Substrate had significant effects on the abundance, wet weight, and taxonomic richness of aquatic organisms in this study, and post hoc tests indicated significant differences between the C and GC substrates (Fig. 2). Any substrates immerged in water will soon be colonized by microbes and biofilm and develop biofouling assemblages, which play important roles in organic matter remineralization, nutrient regeneration and element cycling, contaminant concentration, the transference of energy through food webs, and the induction of benthic invertebrate larval settlement (Dang and Lovell 2016). Consequently, biofilm is of ecological relevance for larval aquatic organisms, not only as a food source but also as an important factor to enhance their ability to attach to the substrate in stream habitats (Ditsche et al. 2014). These findings suggest the importance of interstitial space between substrates (e.g., gravel, a single cobble on gravel) covered by biofilm in allowing colonization by aquatic organisms (Minshall 1984; Ciutti et al. 2004; Duan et al. 2008); however, the space underneath a single cobble per se does not provide as many attractive refugia for small aquatic organisms as does gravel (Minshall and Minshall 1977; Mackay 1992). Empirical studies have indicated that colonization by aquatic organisms may depend on the substrate particle size used; small substrates (10–33 mm in diameter) supported more specimens of aquatic organisms than did larger substrates such as cobbles (53–175 mm in diameter, Wise and Molles 1979; Michael and Culver 1987). The interstitial spaces of smaller substrates are not habitable by predators and provide refugia for small aquatic organisms; this may result in a lower mortality via predation (Peckarsky 1982; Michael and Culver 1987).
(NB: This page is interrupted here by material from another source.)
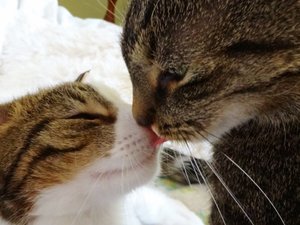 DSC05445 (640x480).jpg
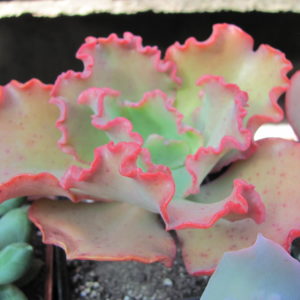 Echeveria Aguarius Red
The substrate had significant effects on larval hydrophychid (abundance and wet weight) filter feeders, and post hoc tests indicated significant differences in the larval abundance and wet weight between the C and GC substrates (Table 3). Hydropsychid larvae typically reside on the substrate surfaces exposed to the current, but they also build retreats by crawling into interstitial spaces in gravel substrates and cementing the gravel together with their silk, which seems to make them less vulnerable to aquatic predators (Genito and Kerans 1999). As our study design did not eliminate the risk of predation from predators such as stonefly and insectivorous benthic fish at the study site (e.g., Japanese fluvial sculpin, Natsumeda 2007), it is likely that interstitial spaces between cobble and gravel substrates provided structural refugia for hydropsychid larvae against such predators (Michael and Culver 1987; Haro and Brusven 1994).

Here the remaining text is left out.